*** Opening INPUT RECORDS ***

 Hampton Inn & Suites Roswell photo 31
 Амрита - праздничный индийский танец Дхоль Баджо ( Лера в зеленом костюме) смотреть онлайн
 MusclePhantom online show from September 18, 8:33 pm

*** Closing INPUT RECORDS ***
*** Opening INPUT RECORDS ***

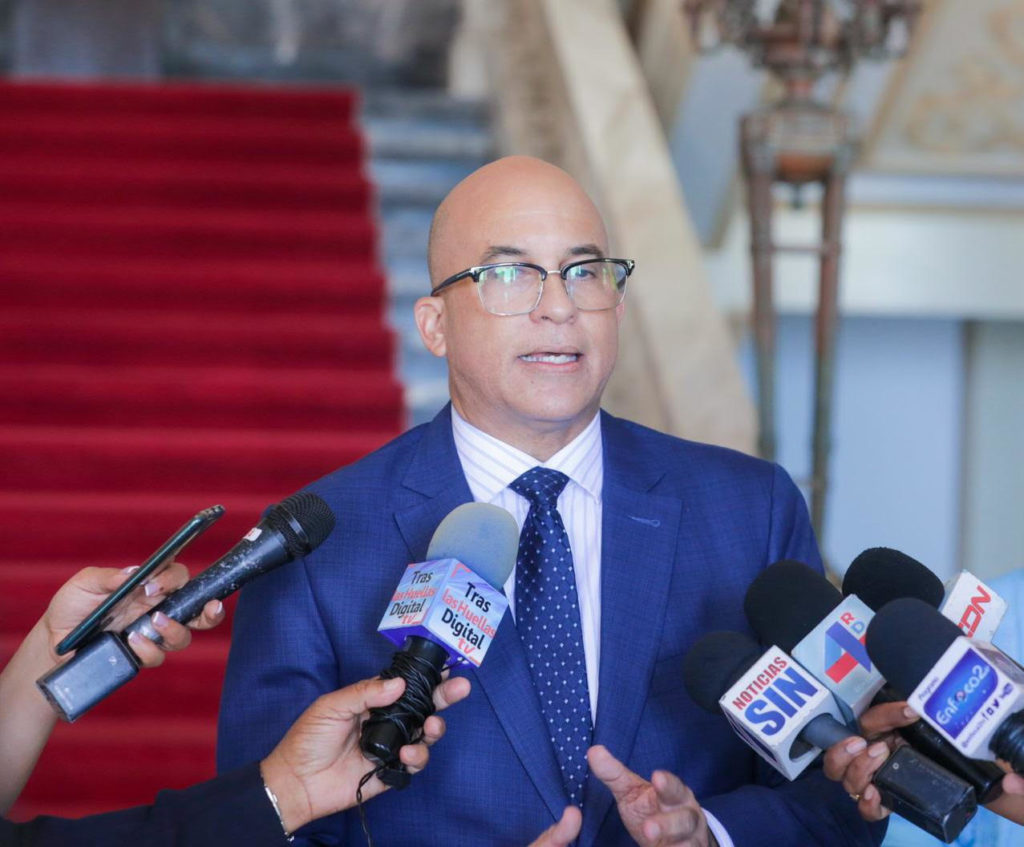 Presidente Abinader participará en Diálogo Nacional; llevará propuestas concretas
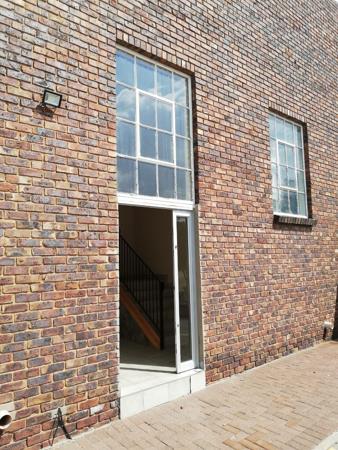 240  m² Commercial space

*** Closing INPUT RECORDS ***

**WHAT THE TASK REQUIRES:** Reproduce exactly the stretch of the material above that starts at the line with "Hampton Inn & Suites Roswell photo 31" and ends at the line with "MusclePhantom online show", both included, and nothing else.

**ANSWER TO THE PROBLEM:**
 Hampton Inn & Suites Roswell photo 31
 Амрита - праздничный индийский танец Дхоль Баджо ( Лера в зеленом костюме) смотреть онлайн
 MusclePhantom online show from September 18, 8:33 pm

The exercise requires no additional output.